---- Extracted records

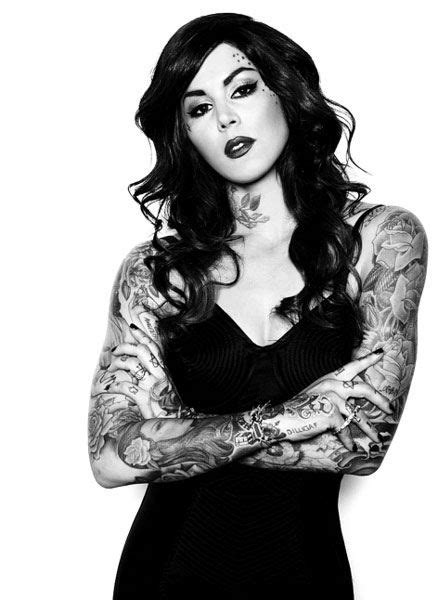 a woman with tattoos on her arms and chest posing for the cover of ink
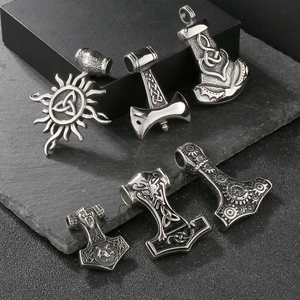 Vintage Viking Thor's Hammer and Celtic sun wheel pendants in silver stainless steel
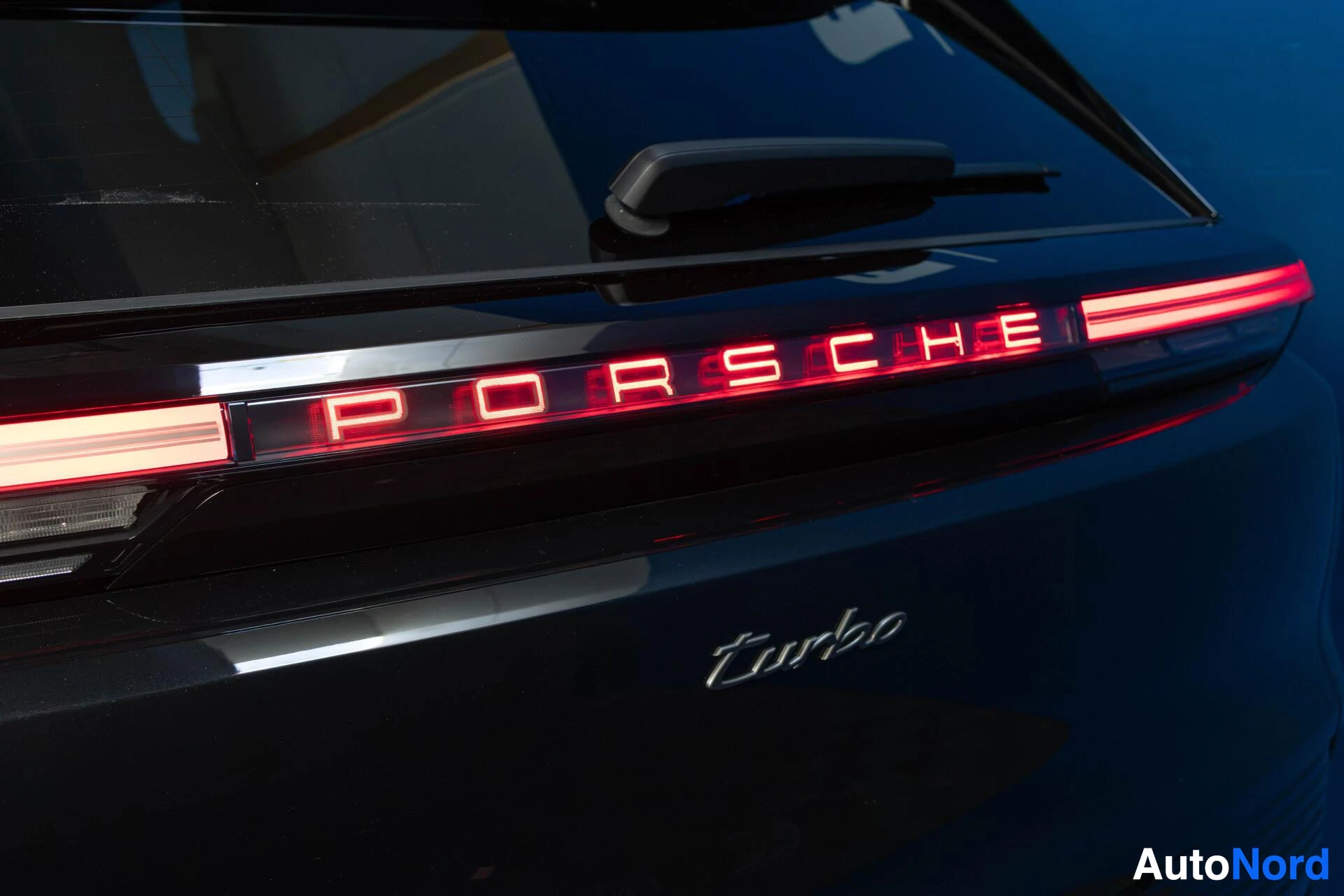 Yksityiskohta: Mustan auton takaosa lähikuvassa. Takavalot ovat päällä ja niissä lukee "PORSCHE" punaisilla kirjaimilla. Tavaratilan luukussa on "Turbo"-merkki.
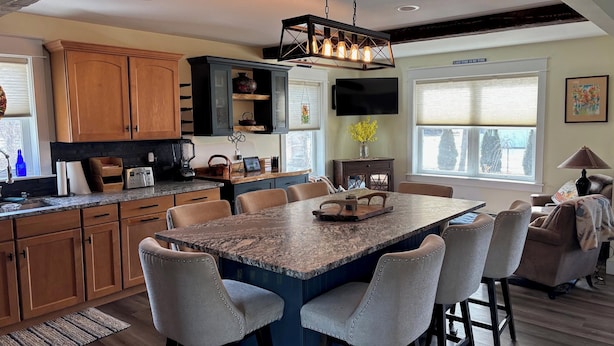 A modern kitchen with a central island, wooden cabinets, and a dining area with bar stools.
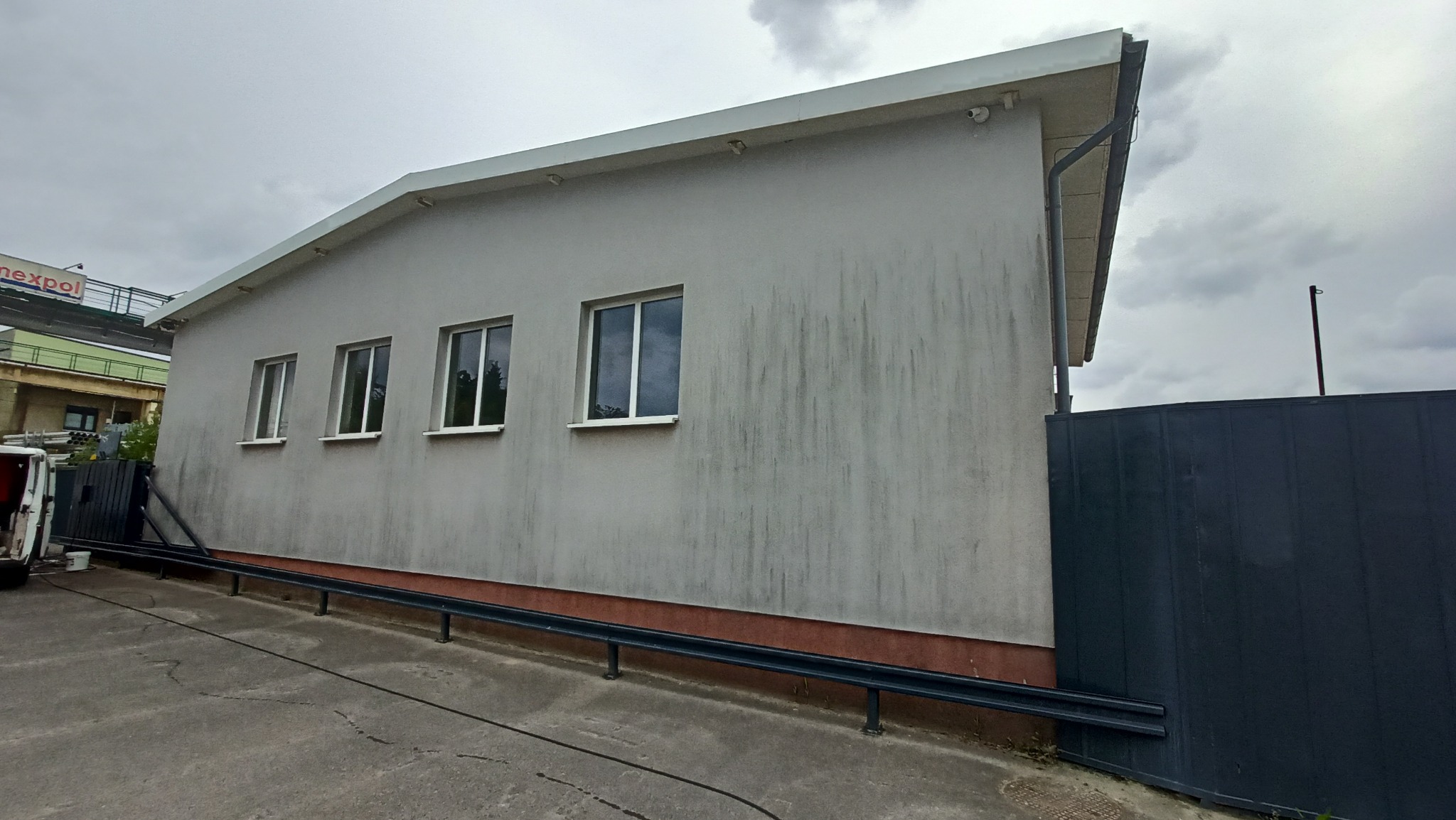 Szara, zabrudzona elewacja budynku z trzema oknami, widoczna z poziomu chodnika, z ciemnoszarą bramą po prawej stronie i fragmentem samochodu dostawczego po lewej.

--------

> What you should do
Apart from the pictures, every line of the material above is to be returned word for word.

> Response for this exercise
 a woman with tattoos on her arms and chest posing for the cover of ink
 Vintage Viking Thor's Hammer and Celtic sun wheel pendants in silver stainless steel
 Yksityiskohta: Mustan auton takaosa lähikuvassa. Takavalot ovat päällä ja niissä lukee "PORSCHE" punaisilla kirjaimilla. Tavaratilan luukussa on "Turbo"-merkki.
 A modern kitchen with a central island, wooden cabinets, and a dining area with bar stools.
 Szara, zabrudzona elewacja budynku z trzema oknami, widoczna z poziomu chodnika, z ciemnoszarą bramą po prawej stronie i fragmentem samochodu dostawczego po lewej.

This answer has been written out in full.